2003

Con la vuelta a la democracia en 1983, y ya fatalmente cumplida la desaparición de gran parte de una generación de líderes políticos, la nueva perspectiva democrática fue el escenario de un “nuevo tiempo” que –como puede apreciarse en archivos históricos para refrescar la memoria–, a costas de objetivar la recuperación institucional posdictadura, venía a dejar atrás un espacio de la historia peronista.

No todo fue primavera. Claramente, en nombre de la pacificación social comenzaba una sangría lenta de verdades aplastadas con adjetivos de subversión y terror. Se dejaba atrás restos de una historia sin cerrar, y ese malestar, que fue decepción en la plaza del 83 de muchos compañeros, en cierta medida tuvo sabor a fracaso histórico por no saldar la deuda con el pueblo, por la debilidad e impotencia en las urnas.

A esas biografías que volvían del exilio, o que recuperaban lugares de docencia o de trabajo a costas de su supuesta despolitización, se anexaban historias concretas de participación política joven, de compañeros, de sobrevivientes e hijos. Algunos en instituciones de base, otros en puestos de trabajo y en ámbitos de representación sindical, académicos profesionalizados en sus carreras volvían a la vida democrática dejando atrás también su propia historia, para, de vez en cuando, apurando el trago, volver a la discusión de las derrotas susurradas en departamentos o cafés.

Los organismos, la universidad y la fuerza sindical fueron los espacios que dieron institucionalidad a las discusiones de un peronismo de izquierda, anteriormente insurrecto, mientras el Estado gravitaba sobre el drama nacional y la cultura se alistaba a aplanar su propio malestar. ¿Quién convocaría a esos “espíritus errantes de una vieja ala progresista que hace tiempo pensaba hazañas nacionales y populares de corte mayor”, como los presentara alguna vez Nicolás Casullo? ¿Quién los reencontraría con su sentido histórico? Uno de ellos.

En 2003 la historia volvió por el lugar menos pensando. Gran parte de quienes acudieron al llamado de Néstor Kirchner “provino de una parcialidad significativa de quienes se habían encontrado, más cerca o más lejos en el tiempo, bajo el signo de la revolución”, como introducirá Javier Trímboli en su Sublunar. Fueron gabinete, fueron pluma, fueron voces, cierta marca de apremio para pensar las penurias del hombre en la historia concreta de inicios del milenio en Argentina.

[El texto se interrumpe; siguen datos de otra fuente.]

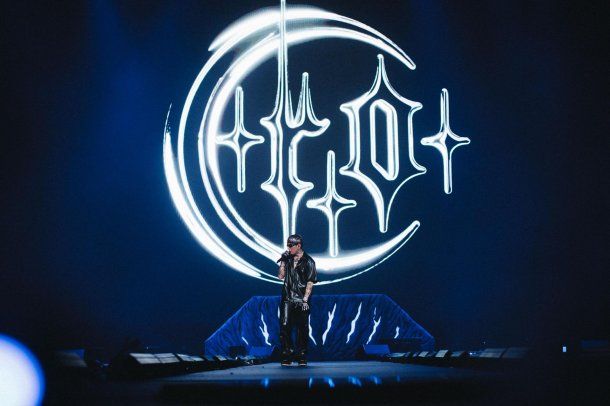 C.R.O hizo historia en el cierre de su gira internacional: aura y locura total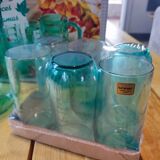 Luminarc Bahamas carafe and service glasses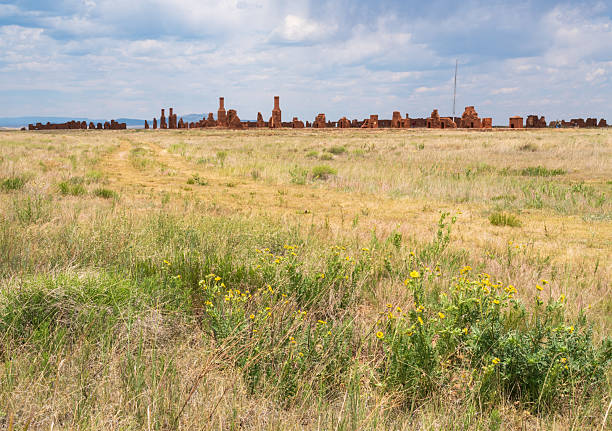 Grasslands and Ruins at Fort Union National Monument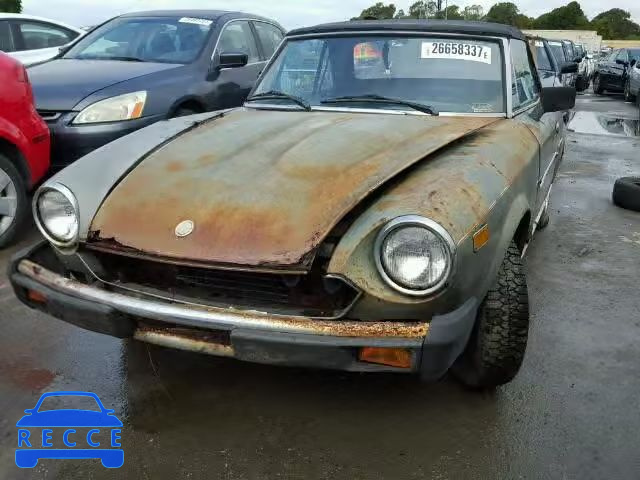 1979 FIAT SPIDER 0000124CS20152837 image 1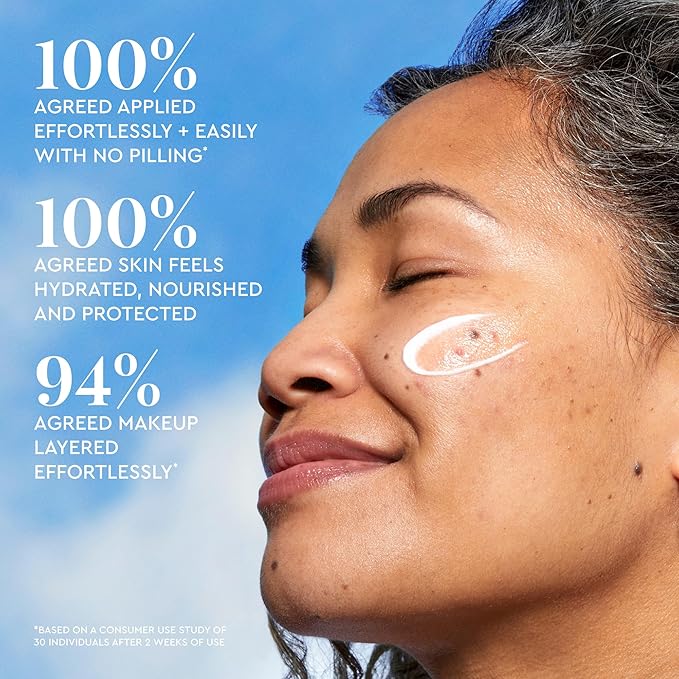 Glow Recipe Dew Shield Korean Face Sunscreen SPF 30, Broad Spectrum Hydrating Sunscreen Moisturizer, Dewy Lightweight Primer for Under Makeup, No White Cast or Pilling, Niacinamide (15ml)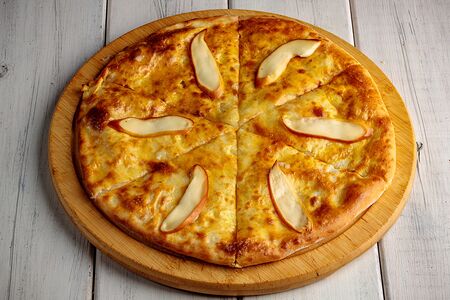 Пирог с картофелем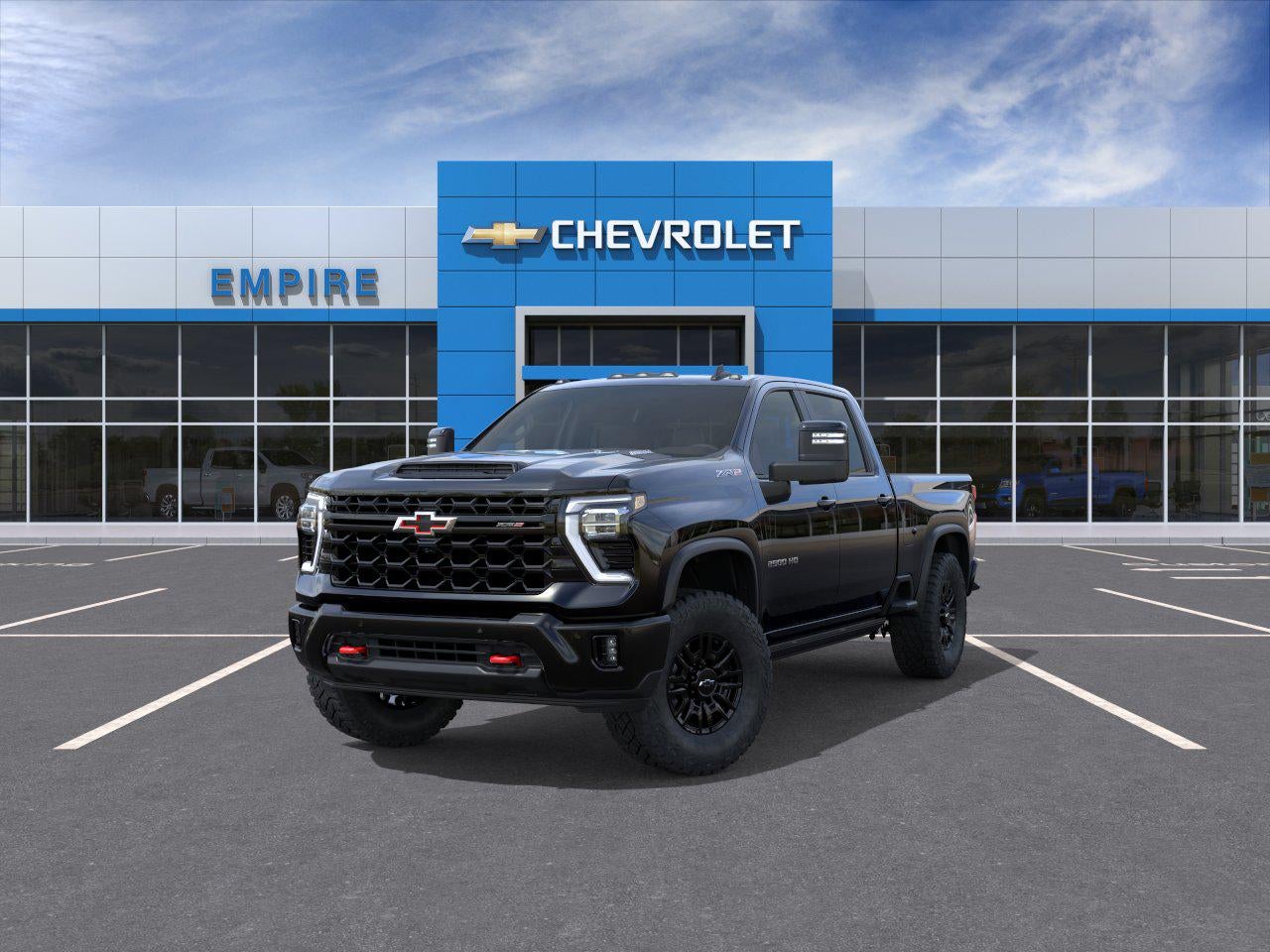 2026 Chevrolet Silverado 2500 HD Crew Cab, Standard Bed, XR2, 4WD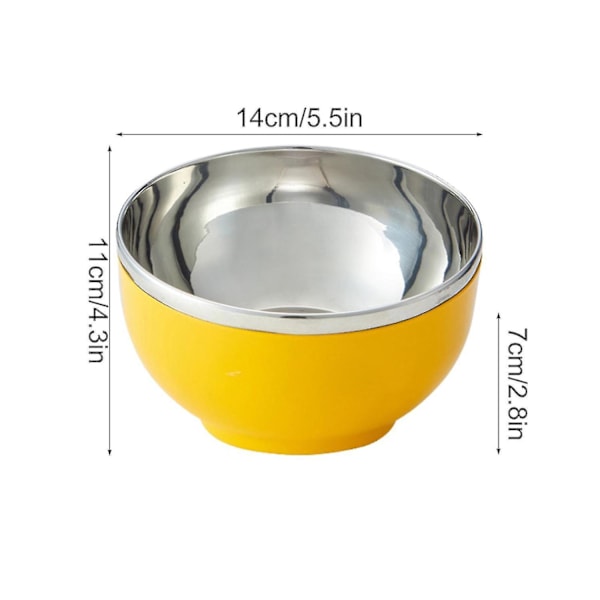 Pet Skål 450ml Korn Skål Termostatisk Vandskål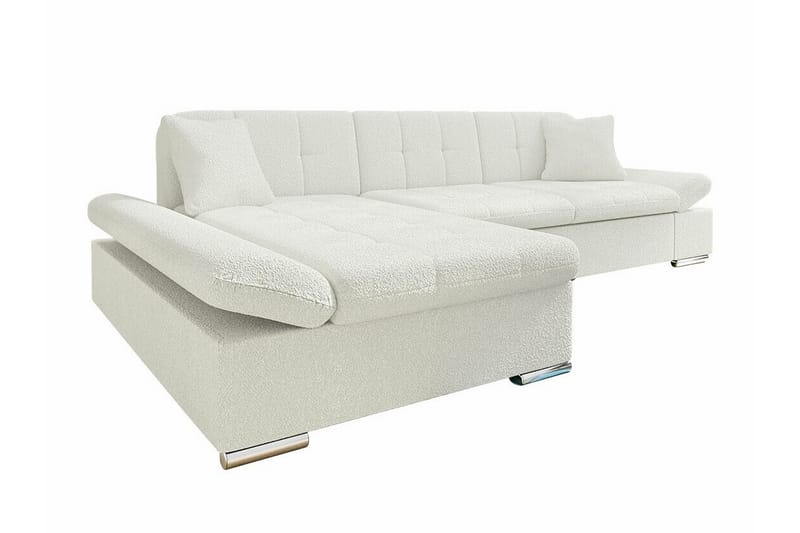 Kintore 3-pers. Hjørnesofa - Hvid - Møbler - Sofaer - Hjørnesofa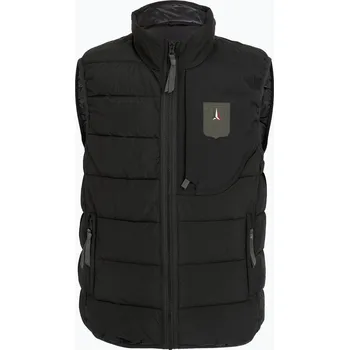 Pánská bunda Pánská vesta Aeronautica Militare 252AB3023UCT04214 jet black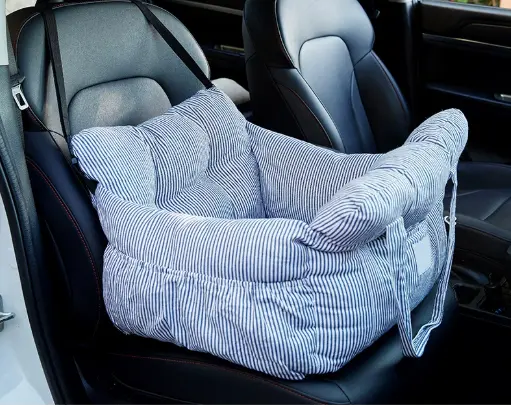 Car Kennel Waterproof Non-slip Stain Resistant Removable Pet Bag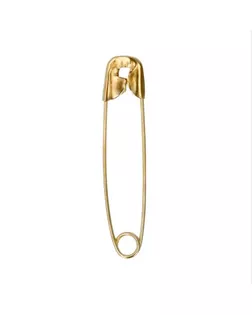 Булавки английские "BLITZ" BZ-000 №000 19 мм под золото железо в картонной упаковке 500 шт  арт. ГММ-102714-1-ГММ003062159492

Así, discurso, gestión, escala, crítica y entusiasmo colmaron una atmósfera específica que fue el inicio de otra etapa del peronismo, el kirchnerismo.

Así, también, aquel 2003 trajo aristas complejas –como toda lectura de representación peronista– entre el ansiado vector transversal en la organización y la estetización de la política en las prácticas. Ambas portadoras de auras míticas que, en mucho, operaron a contrapelo de las decisiones diarias de la gestión, de la lectura templada, de la historicidad de una capacidad estadista única desde el advenimiento de la democracia. A nuestra cancha nos hemos llamado: el hecho político que nos cruzó hace dos décadas, sea para cuestionarlo o para bancarlo, para entenderlo o para accionarlo, hoy merece un nuevo fogón para revalorar lo virtuoso, analizar lo corroído y culminar lo comunitario.